Additionally, the days she works nights that fall into the work week require me to not leave for work until 8:15AM, so usually 2 days a week I am the last one in the office which sucks as you come in behind the 8 ball and then it's non-stop catch up often skipping lunch to make up for the lateness. Fortunately, work is "flexible" with this, but I know i'm being judged by counterparts who arrive at the same time every day - they don't say anything, but you know the feeling. I often work at home at night (after she passes out) to catch up and ensure things get done. I've explained this dozens of times and it really just seems she doesn't care, clearly or she'd find a way.

We just don't seem to see eye to eye anymore. We are constantly arguing (in front of the kids too, unfortunately) and I just don't want to do it anymore. I'm tired of her saying I don't pull my weight around the house when I clearly do and feel as if I do loads more as I also manage every outdoor chore on top of my share of dishes, laundry, cleaning and so on. Often times I've found her telling me she does stuff THAT I DID (like the dishes) - I just let it go as it's not even worth it anymore - I just don't do anything, lol. I just don't know if I can do it anymore, I'm exhausted from trying to bend over backwards to keep her happy when she uses a tired excuse for everything. I've explained that I feel like we simply live 2 different lives under the same house, and that I need the physical and emotional parts to a relationship that have slowly dissipated.

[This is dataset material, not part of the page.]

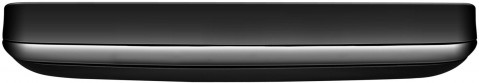 Смартфон Lenovo A390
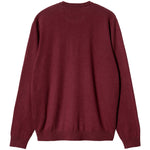 Imagen del producto con referencia I030841.2CPXX.03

To make it even worse my attitude has gone south. I'm now finding myself always pissed off and grumpy and end up taking it out by yelling at the family and it's absolutely embarrassing and unacceptable. I make it a point to apologize and explain that there is no excuse for my behavior, but the damage had been done at that point. I feel like i'm turning into a monster and I'm happiest when I'm not at home (wtf?)?

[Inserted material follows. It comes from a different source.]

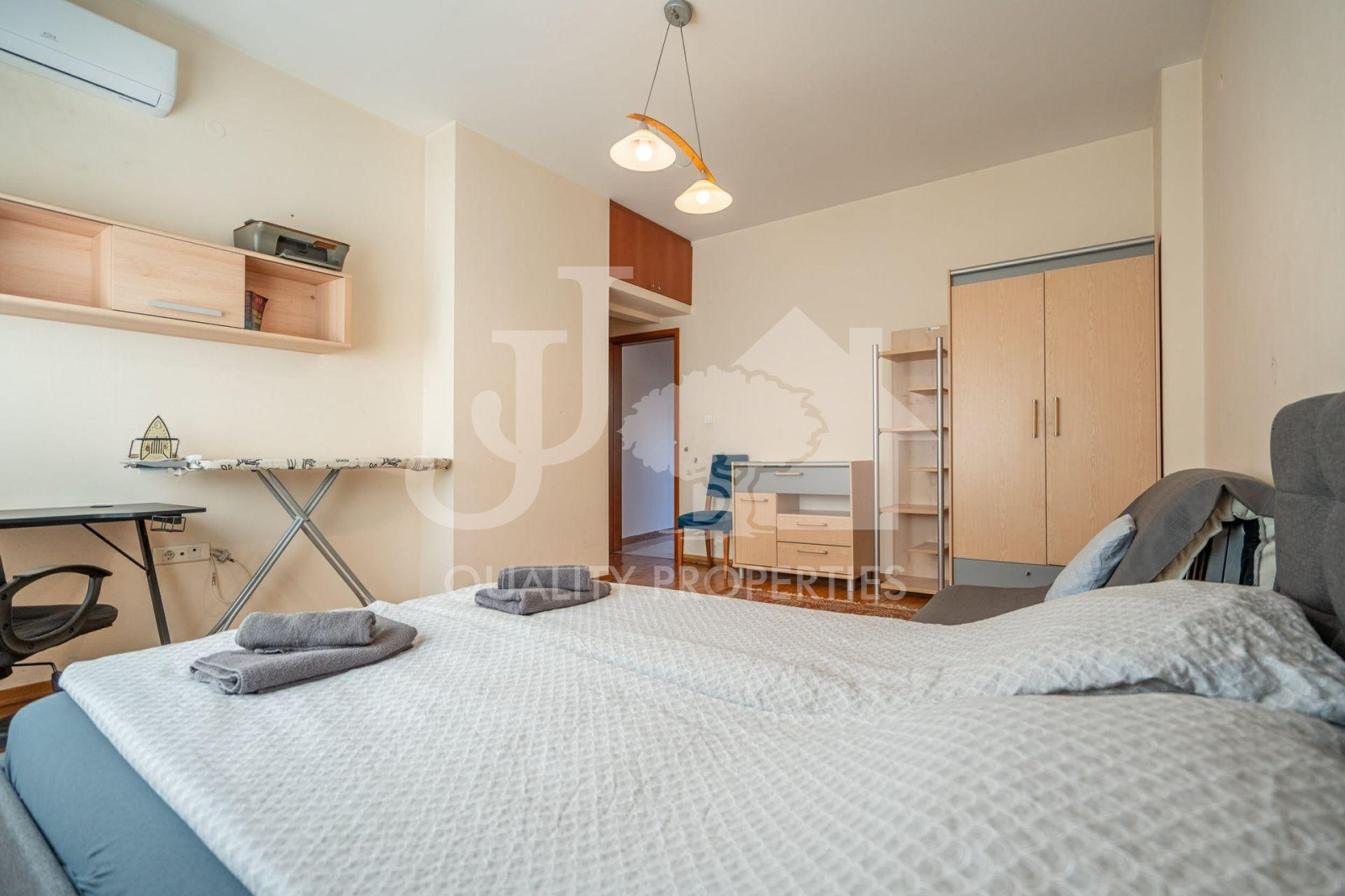 ���� ��� ���� 4-����� | Imot.bg � ����������� 6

Anyways, this post is all over the place and probably doesn't flow to well so I'm sorry in advance if you took the time to try and decipher this all. I just needed to vent a bit, a new way to try and cope with it all. As much as I hate to say it, I really don't know if I can suck it up any longer, bite the bullet, and not push toward separation. I feel like I'm failing as a husband and father and it really bothers me. I love them all so much and thinking about not being with them makes me sad as well - just don't see a good outcome. 

I welcome any positive/negative advice or requests for clarification.

-Newbie


----------



## niceguy47460 (Dec 23, 2018)

I have a few questions . why doesn't she switch back to days since the kids are in school . and what does she do on her day off . is she always on her phone when she is home .


----------



## SpinyNorman (Jan 24, 2018)

What alternatives are there to her current schedule? If she went back to weekdays, would you leave every day at 8:15? That doesn't sound like any improvement. It is fine to discuss the alternatives w/ her, but expecting her to "find a way" is only reasonable if something better is available.

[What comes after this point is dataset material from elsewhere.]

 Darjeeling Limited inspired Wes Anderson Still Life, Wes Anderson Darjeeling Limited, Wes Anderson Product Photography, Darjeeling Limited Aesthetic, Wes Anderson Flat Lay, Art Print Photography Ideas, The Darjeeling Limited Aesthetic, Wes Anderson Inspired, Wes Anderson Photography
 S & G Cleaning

I'm not sure how you talk to one another, but it is important. If she says she did a chore that you did, you should politely remind her that you did it. If she gets angry, just say "I am being calm and ask you to do the same. Why do you think you did the dishes? I remember doing them around 5 PM."

It is good that you recognize when you blow up and apologize for it. Make sure she knows you mean it when you apologize.

Does she know you feel like you can't do this any more? If you are really thinking you can't do this, insist on talking over the whole situation and if she doesn't want to, make sure she knows what is at stake. You're not saying this to get leverage, just so she isn't blindsided.

What would it take for you to feel like you could go on? What do you think she would like you to change? 

You can try to discuss this yourselves, but you will both have to be on your A-game about listening and being fair. Of course you can see a marriage counsellor who will mostly serve as a referee and maybe give a suggestion or two. If it helps you communicate, it is money well spent.

This doesn't sound easy, but on the other hand couples who were willing to work together have gotten through bigger things.


----------



## Spicy (Jun 18, 2016)

Actually let her know you want to set aside time in your schedule to have a serious discussion with her. Then sit at a table or somewhere and say all that you have said. Communication is key here, letting her know you are so far gone that you have actually considered if it is better to split up. Laying it all our might help you try to go on and save your small family. 

I always like to take the time to think...if your wife was writing this post about how your marriage is, _what would she say?_. Sometimes, just thinking it through how she may be seeing everything helps us (you) to be more understanding.

Glad you are here, I genuinely hope we can help. Welcome to TAM.


----------